Décliné en une belle palette de couleurs, sensible, touchant, dessiné avec humour et à propos, La jeune femme et la mer n’est pas simplement un carnet de voyage, c’est aussi une manière - quasi philosophique - de renouer avec le monde qui nous entoure.
Émotions encrées
Sur un pays au Levant
Me font voyager
Les avis
Erik67
Le 26/10/2022 à 08:03:58
Tout d'abord, je tiens à préciser que j'ai toujours eu de l'admiration pour Catherine Meurisse qui a vu ses amis et mentors mourir dans l'attentat de Charly Hebdo du 7 janvier 2015. Je me souviens de la parution de la légèreté qui évoque la reconstruction d'une femme survivante après cette terrible tragédie.
L'auteure part cette fois-ci au Japon pour trouver un élan artistique. Elle y trouvera de magnifiques paysages en se plaçant sous le signe de la nature. Il y aura également des éléments du folklore de l'archipel nippon dans ce conte à dimension philosophique.
On oscille entre la poésie et l'humour dans un décor de carte postale à l'estampe. Je dois dire que j'ai apprécié cet esthétisme résolument moderne. Certes, c'est assez minimaliste dans le dessin mais pour une fois, j'aime cette simplicité du trait épuré qui est baigné par de vives couleurs donnant de l'éclat à l'ensemble.
J'ai eu du mal à suivre ce scénario qui devient un peu alambiqué sur la fin. Cela ressemble plus à une errance qu'à un schéma constructif avec une intrigue claire. Bref, on fait des rencontres au gré d'un voyage initiatique dont le thème est la place de l'homme dans la nature ainsi que l'instant de la contemplation.
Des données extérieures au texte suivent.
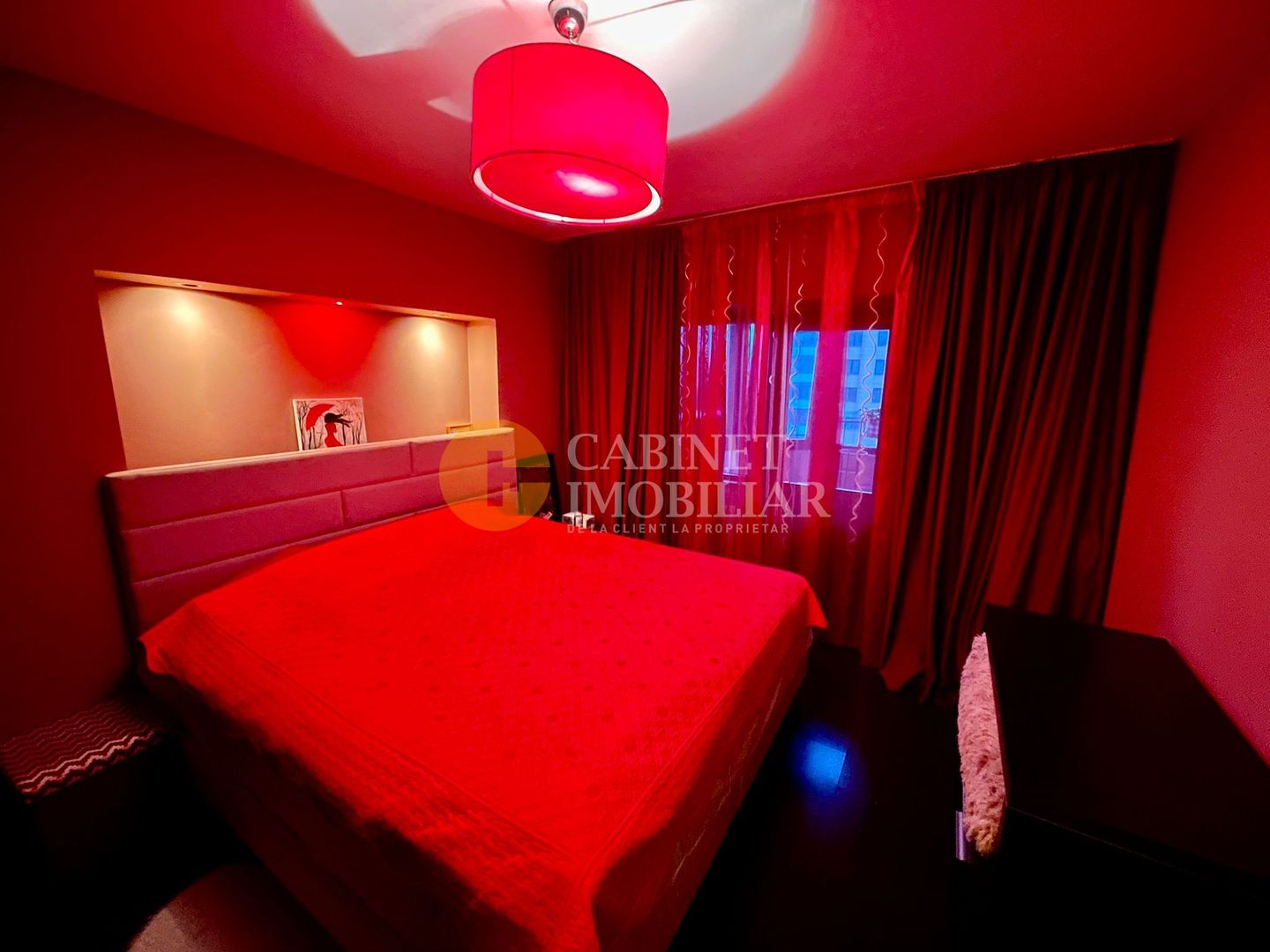 4 Camere DECOMANDAT - RENOVAT - ETAJ INTERMEDIAR - CAPAT PACURARI - Poză 5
Au final, une lecture douce et apaisante entre beauté, délicatesse et sensibilité et une pointe d'humour.
Eric DEMAISON
Le 23/08/2022 à 10:40:20
Catherine Meurisse à la recherche de la nature. Mais pas n’importe laquelle, une nature empreinte d'images et de culture japonaise. Nous la suivons dans sa recherche, dans sa difficile compréhension de mythes et rites japonais.
Ignorant totalement la culture japonaise, j'ai eu parfois du mal à adhérer. Mais heureusement, il y a cette touche burlesque, dans les dialogues et le dessin (notamment quand elle se représente perdue et seule). Il y aussi ces magnifiques envolées graphiques de représentation des paysages japonais (à la façon Hokusai).
Donc un vrai plaisir de lecture, mais peut être pas un grand souvenir.